Lost in space

Lost Places installation misses connection with Found Spaces

Try as they might, most of the fragments from the past can’t find their way into a meaningful conversation with the present in Lost Places, Found Spaces, an installation by Deborah Kaszovitz at Eyedrum. Though described as site specific, the work fails to visually interact with the new space.

Tracks behind Eyedrum — remnants of the Georgia Rail Co. — are what piqued the artist’s curiosity about Lost Places. The Atlanta-based artist clearly went to some trouble to research downtown history and to memorialize the urban detritus she scavenged from Eyedrum’s environs.
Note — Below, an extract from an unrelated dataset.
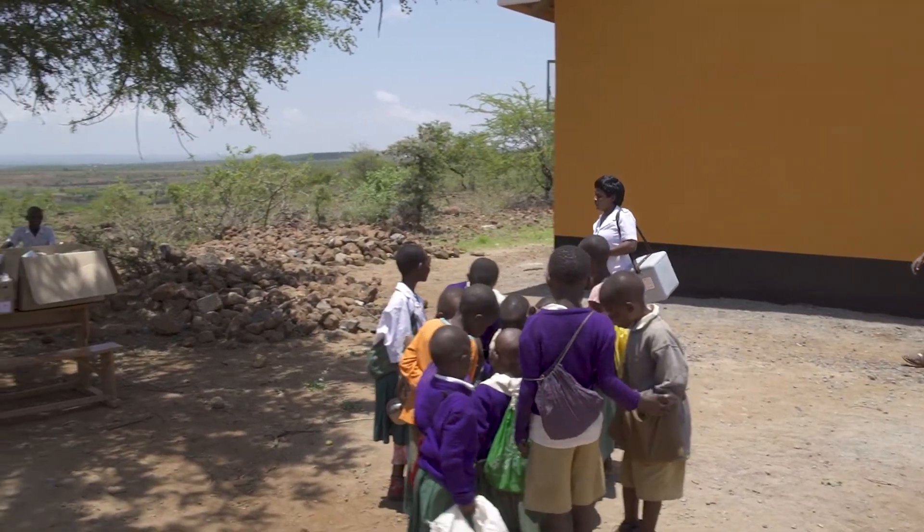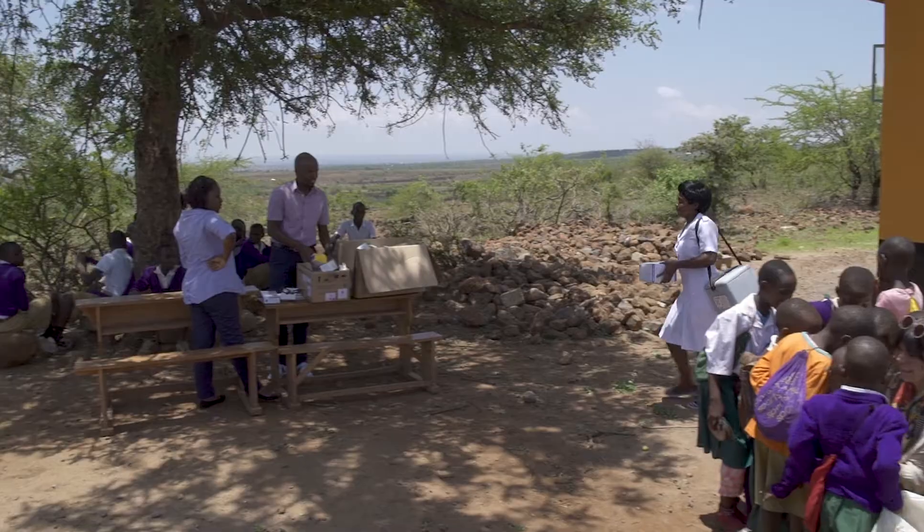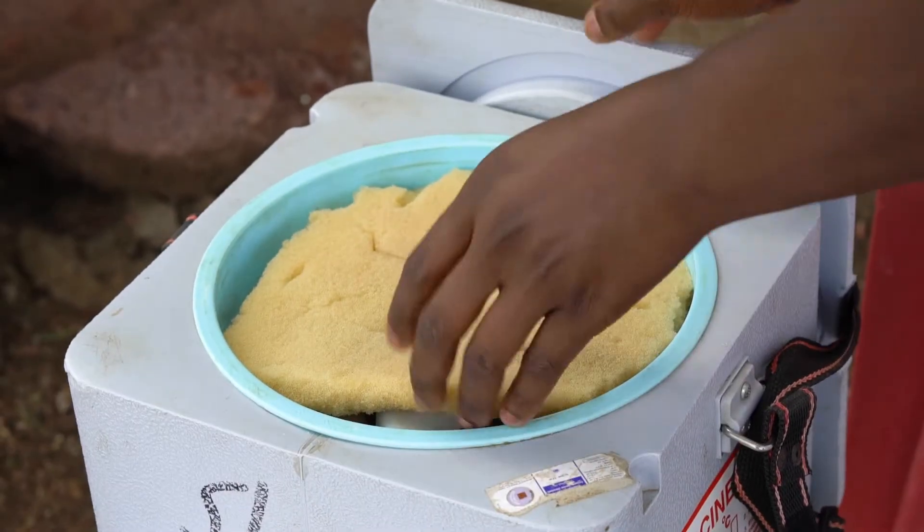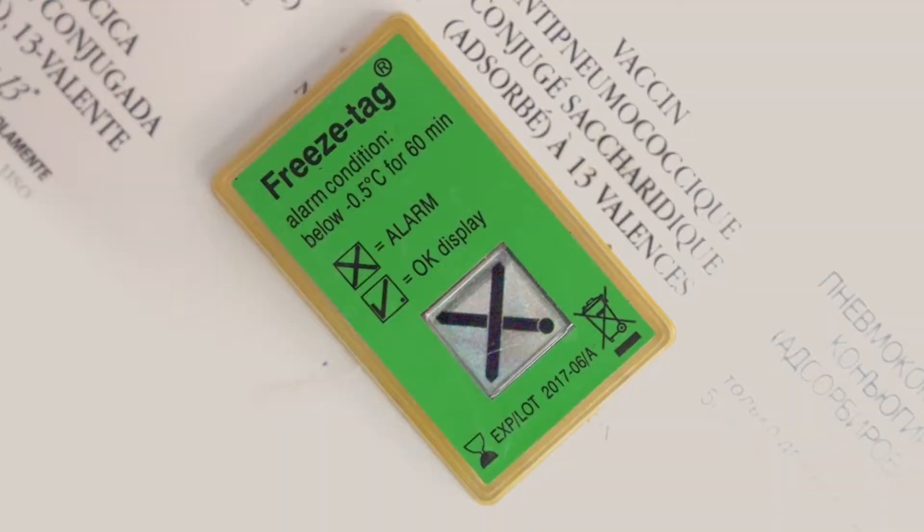You just arrived at an outreach session where you will be administering Hep B, a freeze-sensitive vaccine. You open your vaccine carrier to find this reading on your freeze indicator. Would you feel confident giving children these vaccines?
Her statement of intent placed at the gallery entrance states: “I often find that what survives as a society progresses is only presented in the most impartial, documentary form.” Her research on the history of the architecture revealed that the original wood and brick structure dating from 1864 was destroyed in the 1940s. The building was a cotton finishing facility, probably part of the Mattress Factory complex next door. Because of the railroad line, the area has been in constant industrial use since Atlanta’s early days.

For the installation, Kaszovitz made cast paper forms using railroad ties, propellers, bottles and wheels, which she edged in gauze and tinted chestnut brown, green and blue. She affixed those shapes somewhat randomly around a series of portals to the past created from large bowls or basins covered in wax-painted photographs of bygone Atlanta buildings collaged with images of birds and wings. Each one is a decorative emblem that, in its convex form, resembles a great brooch. Like watchbands, the columns of cast paper brickwork that extend vertically above and below the circular shapes give them the look of giant timepieces (an unexpected, and perhaps unintentional, visual reference).

The entire installation is mounted on two walls in a repetitive linear array, which fails to form a physical relationship with what remains of the building’s original structure. Now white-walled, the space has cement floors and a high, open beam wood ceiling with a giant rusted propeller fan set into one recess. Perhaps because of the artist’s concerted quest for authentic fragments, her static presentation can’t evoke the intangible threads connecting past to present.

Kaszovitz’s collaboration with sound artist Jeff Rackley resonates where the gallery installation doesn’t. The sonic component is a wonderful fusion of the literal and the oblique. Night sounds of crickets chirping and morning birdsong intersect with a train whistle, footsteps, flowing water, passing cars and vague ambient noises. Quiet strains of mountain music, a piano and perhaps a mandolin flow in and out of the industrial and organic sounds, creating a poetic afterimage of the Lost Places the artist sought to recover.

Lost Places/Found Spaces continues through Jan. 5 at Eyedrum, 290 MLK Jr. Drive. Wed. and Sat. noon-5 p.m. and by appointment. 404-522-0655. www.eyedrum.org.??